======== INFORMATION ========

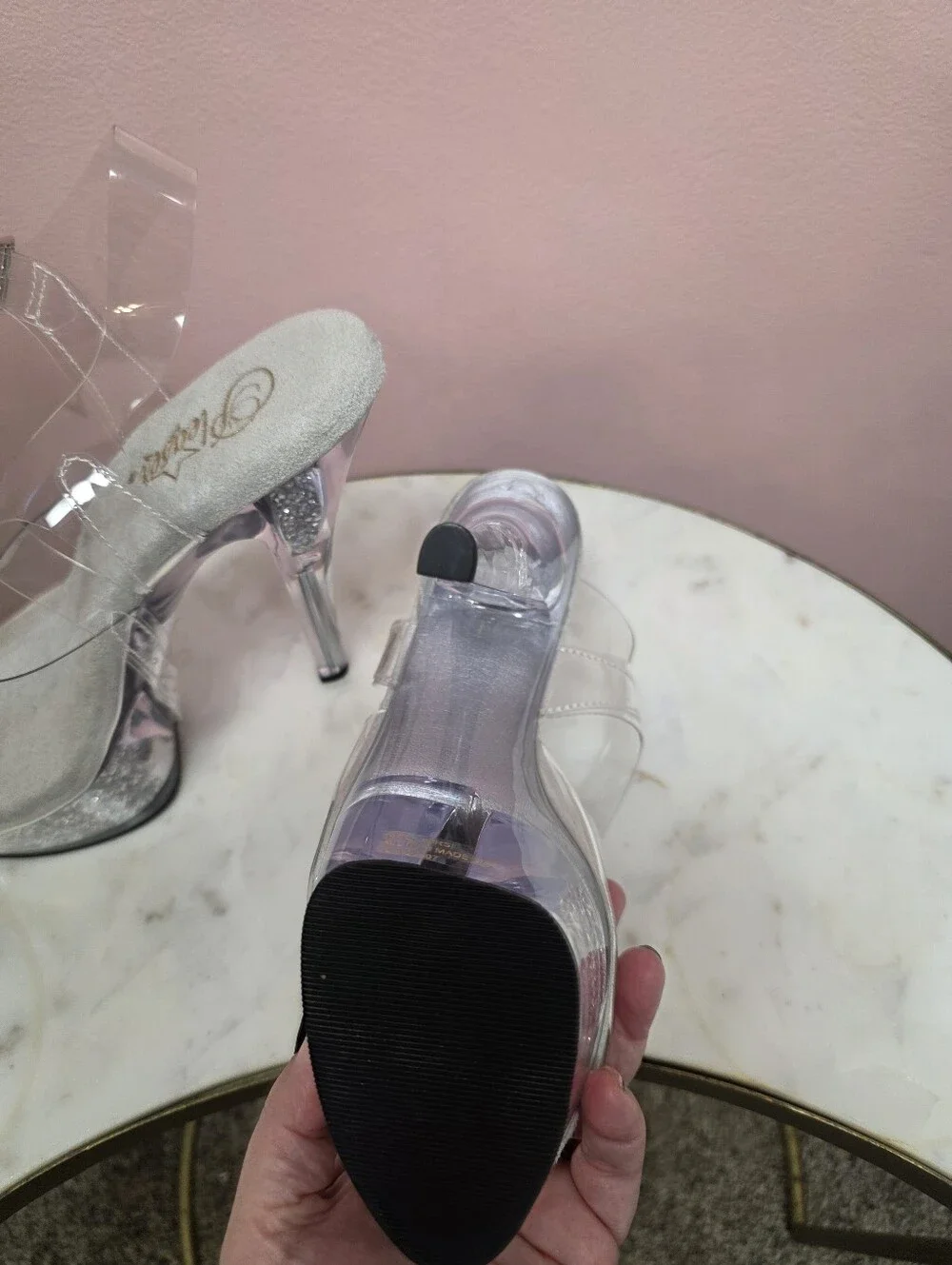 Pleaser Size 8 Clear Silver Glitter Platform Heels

========
======== INFORMATION ========

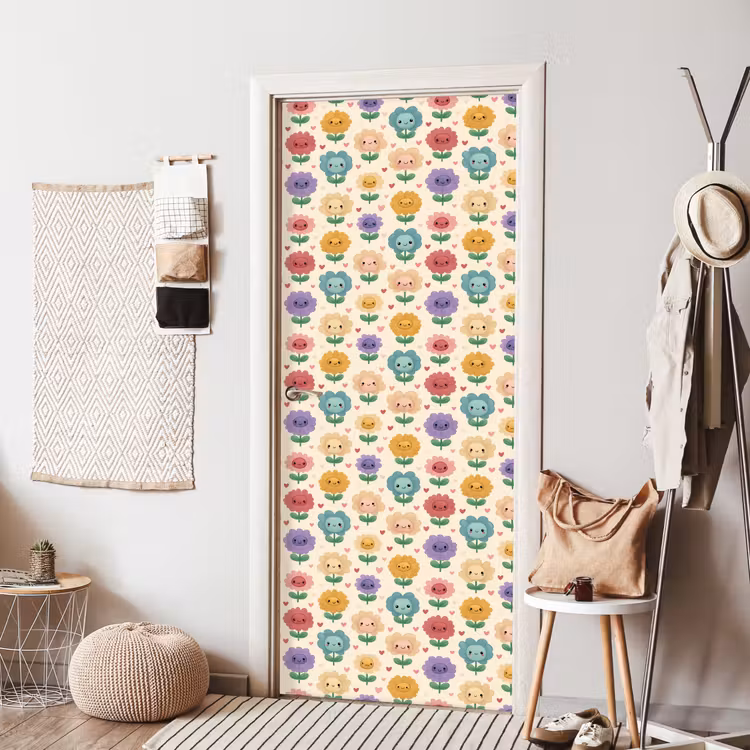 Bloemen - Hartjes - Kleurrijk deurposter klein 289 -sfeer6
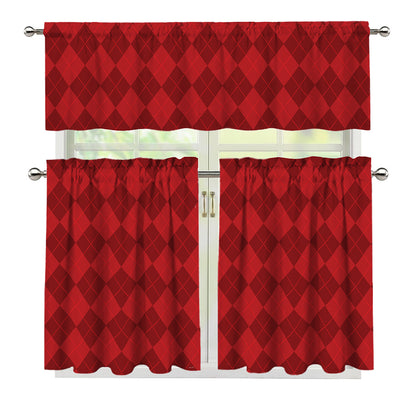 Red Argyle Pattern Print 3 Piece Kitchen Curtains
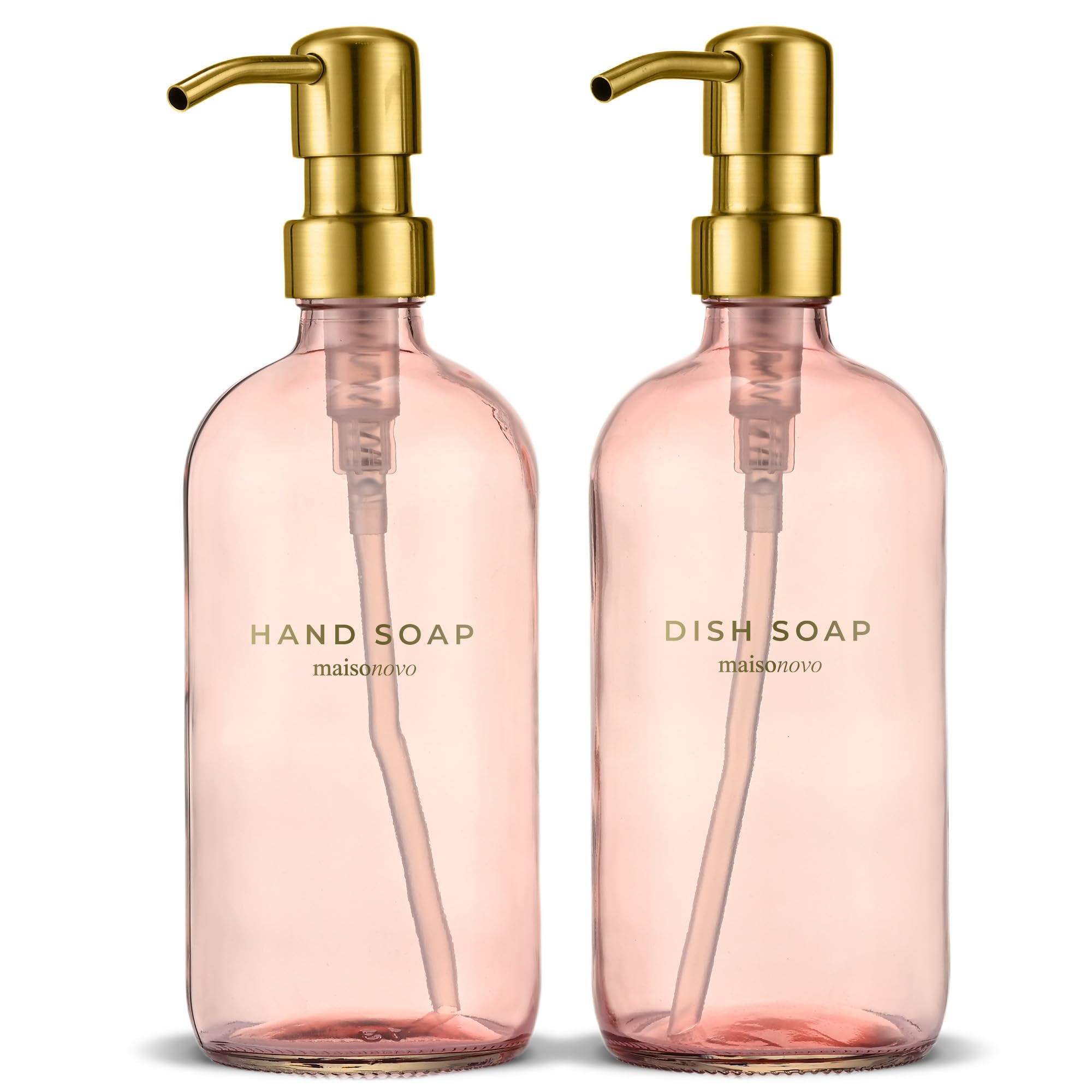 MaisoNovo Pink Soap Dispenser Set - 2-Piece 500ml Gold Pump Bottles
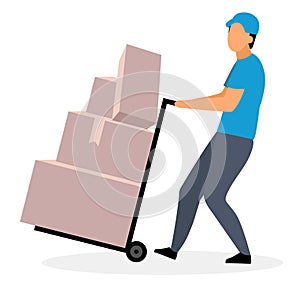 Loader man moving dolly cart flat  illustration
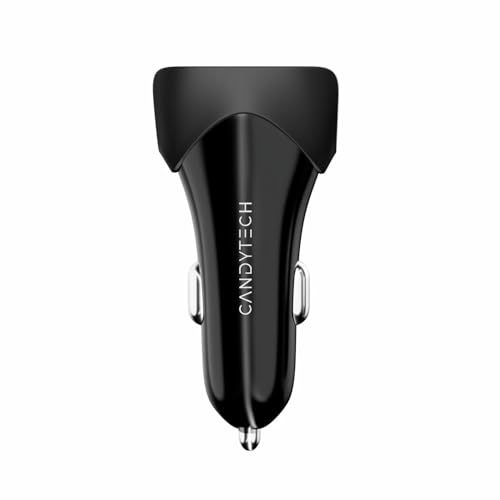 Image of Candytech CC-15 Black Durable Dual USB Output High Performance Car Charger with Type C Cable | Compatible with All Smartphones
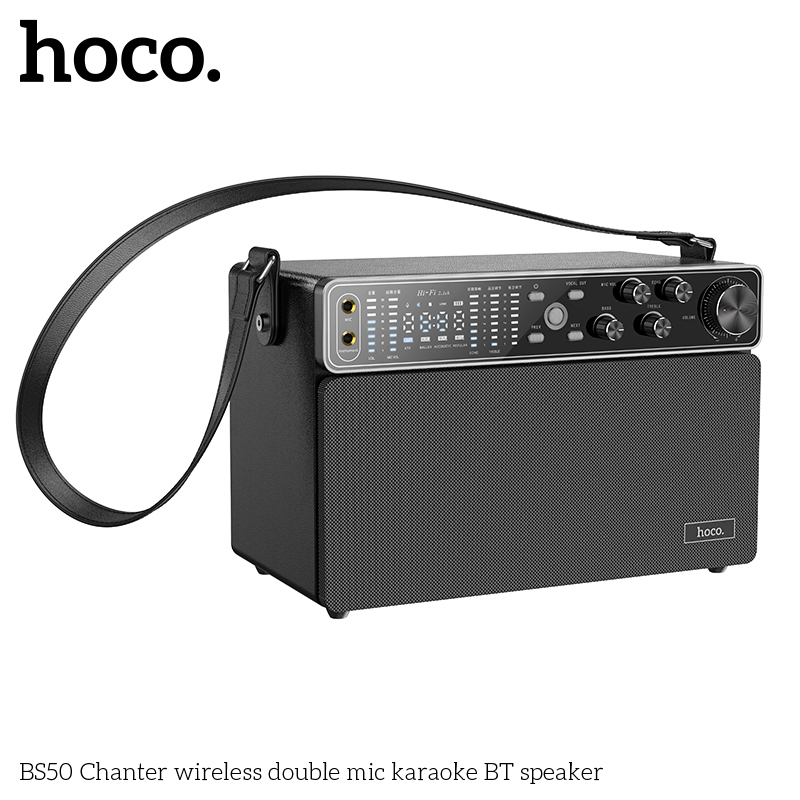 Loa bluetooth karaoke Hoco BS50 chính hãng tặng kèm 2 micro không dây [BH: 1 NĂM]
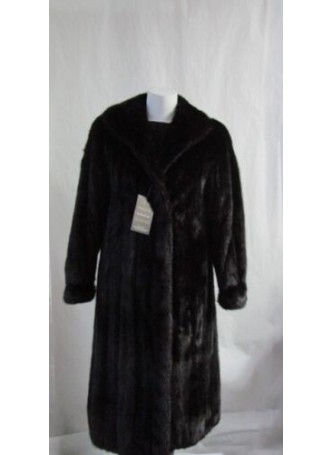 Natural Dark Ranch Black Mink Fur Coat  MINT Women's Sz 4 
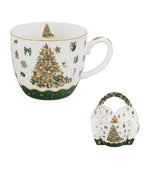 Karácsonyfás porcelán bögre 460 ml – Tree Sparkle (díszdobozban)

========
======== INFORMATION ========

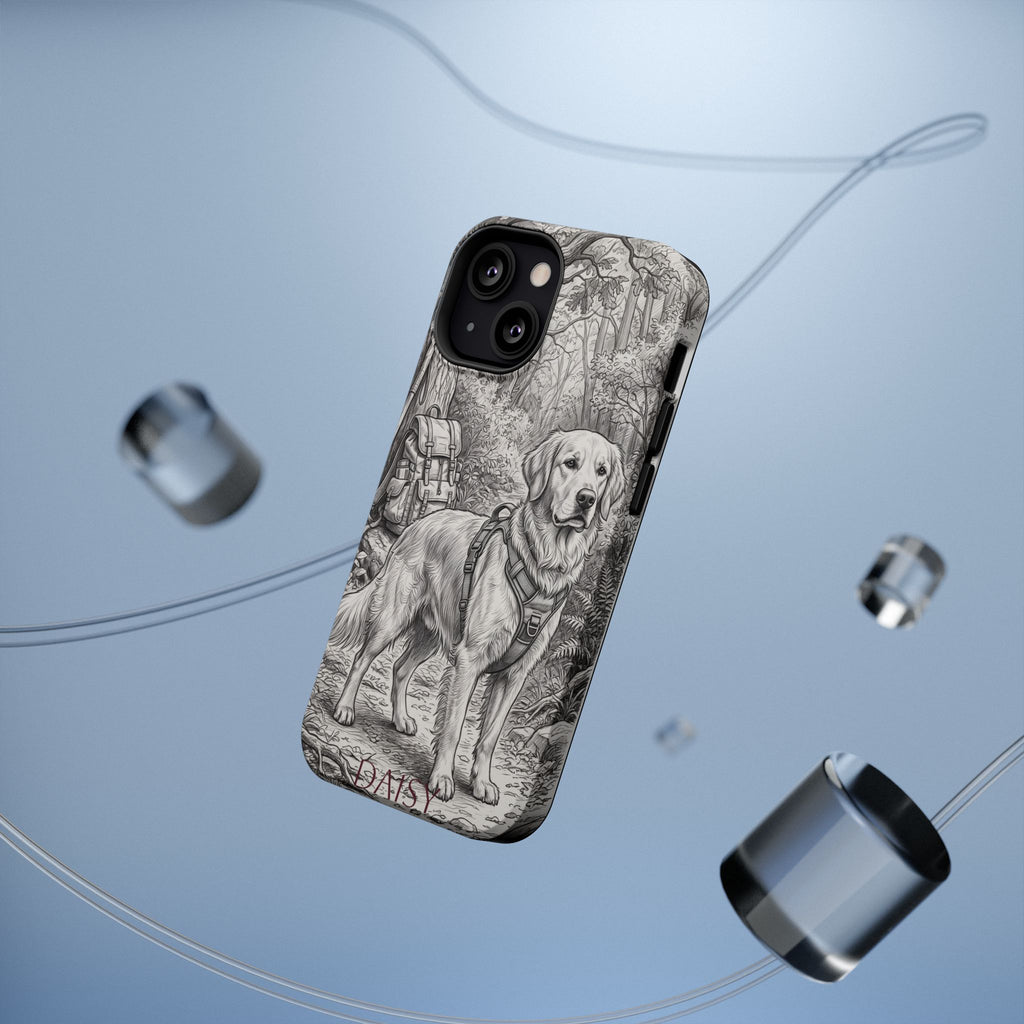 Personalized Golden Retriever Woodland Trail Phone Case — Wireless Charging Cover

========

◆ GOAL OF THE EXERCISE:
Reproduce the listing above from the line that holds "Natural Dark Ranch" through the line that holds "Karácsonyfás porcelán bögre", both included, with the pictures left out.

◆ SOLUTION FOR THIS PROBLEM:
 Natural Dark Ranch Black Mink Fur Coat  MINT Women's Sz 4 
 Karácsonyfás porcelán bögre 460 ml – Tree Sparkle (díszdobozban)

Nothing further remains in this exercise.